A Chuseok to Remember

Exactly three days before Chuseok and we were riding on a taxi going South. I could vividly see the disappointment in your face while your eyes blankly stares straight out of the window. Obviously same goes with your thoughts. From time to time, I could hear deep breaths and that hypes up my frustrations higher. It's Chuseok but we are both disappointed, there's nothing to celebrate about.

Chuseok in Korea is a well-celebrated week-long holiday to appreciate all the blessings and do traditional Thanksgiving ceremonies together with the family.

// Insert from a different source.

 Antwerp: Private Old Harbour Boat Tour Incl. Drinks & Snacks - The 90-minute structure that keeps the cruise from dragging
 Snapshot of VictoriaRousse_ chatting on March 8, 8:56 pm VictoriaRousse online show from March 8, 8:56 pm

Upon that scenario, this conversation followed:

A:  "Is there a celebration like Chuseok in the Philippines?"

B: 'We don't have such thing as thanksgiving but we celebrate Christmas, the same way as you celebrate Chuseok in Korea.'

A: "I wonder what should I do this Chuseok, it's my first time that I will celebrate it abroad."

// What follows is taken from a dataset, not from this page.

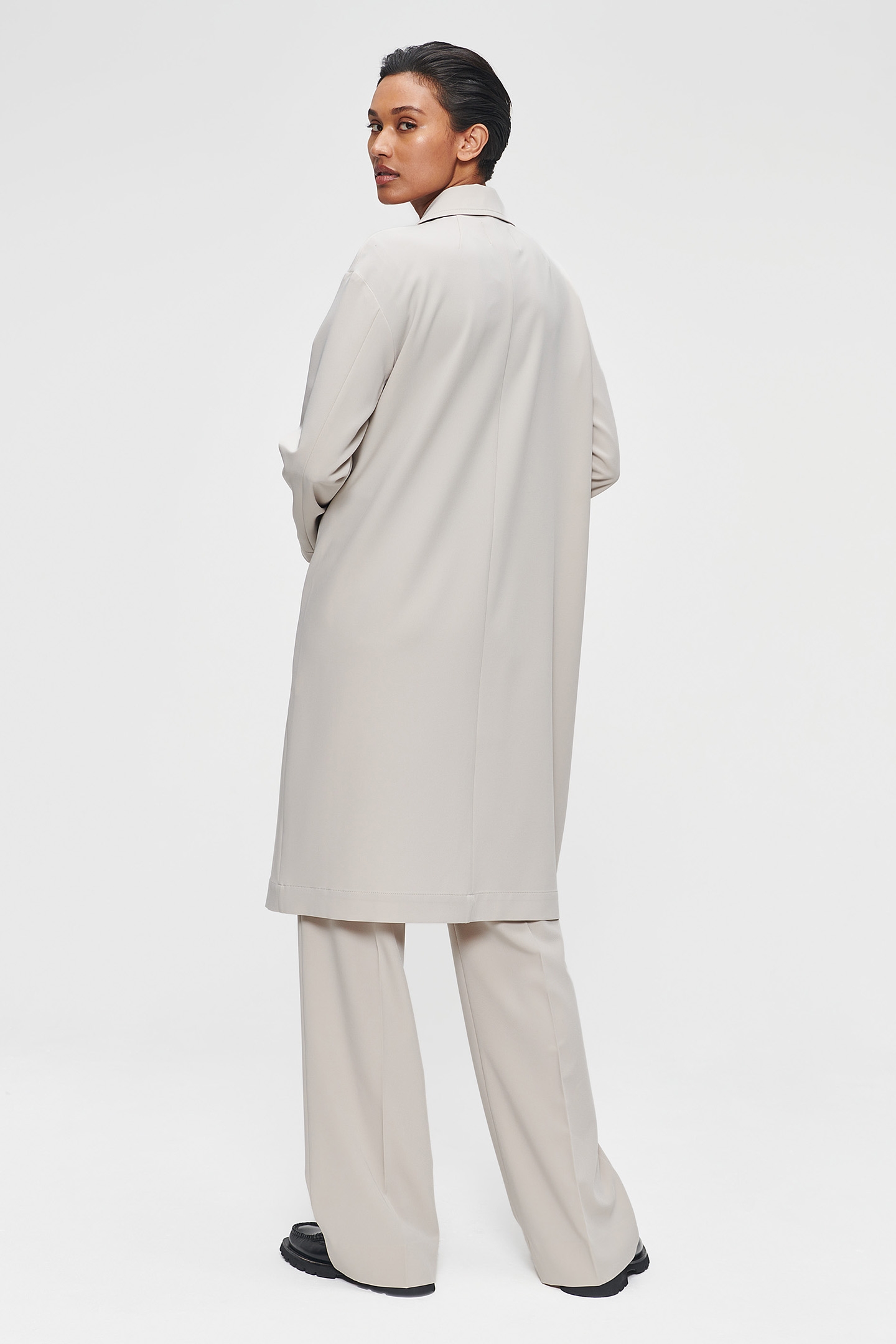 REC JAPANESE SPORTY COAT SIMPLY TAUPE 2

B: 'Since it's not holiday in the Philippines, then most probably, you'll be working.'

A: Every Chuseok, I just go to my province, bow to my elderly and ask for money. (laughs). I could stay at home, play games, sleep and then sleep. Sometimes, drink. (laughs again). Also, every Chuseok, I could meet my cousins, nieces and the whole family.

As my usual way of trying to cheer you up, I bought a gift and wrote a letter the next day. I wrote how happy I am to meet someone who'd fire up my interest in different ways-- of course in a low key manner. Also ending a note with a little wish that you spend Chuseok nicely and be blessed throughout the coming year.

Suprised with the gift, you asked me what popped up in my mind to suddenly give you something out of nowhere. 'It was initially because it's Chuseok and I don't want to disappoint you.' Of course, It was just all in mind. I don't plan to voice it out.

'There's a sale when I went out for shopping, then I saw these items and thought that it would nicely fit you.' I told you as an excuse. Obviously, you don't believe it but I could feel that it changed your mood!

A few hours later, I got a message from you thanking me for the simple preset I got for you and you told me how much you appreciate it.

"I know you don't need to give me a gift but I also know that you got it for me this Chuseok. You don't have to but you still did. Thank you, I appreciate it. I may not be with my family but I got a good friend like a family here because of you."

On the first day of Chuseok, we decided to go out. There's no traditional hanboks (the traditional Korean attire) and no monetary gifts but we spent the whole day talking about life, future plans, friendship and random stuff that we notice about people -- to give it a little Korean feel, we had a nice Korean dinner to cap off the night.

For me, a day of appreciation is the best way to celebrate Chuseok and making someone else smile on a day like this would surely be a day to remember. How do you celebrate Chuseok in your country?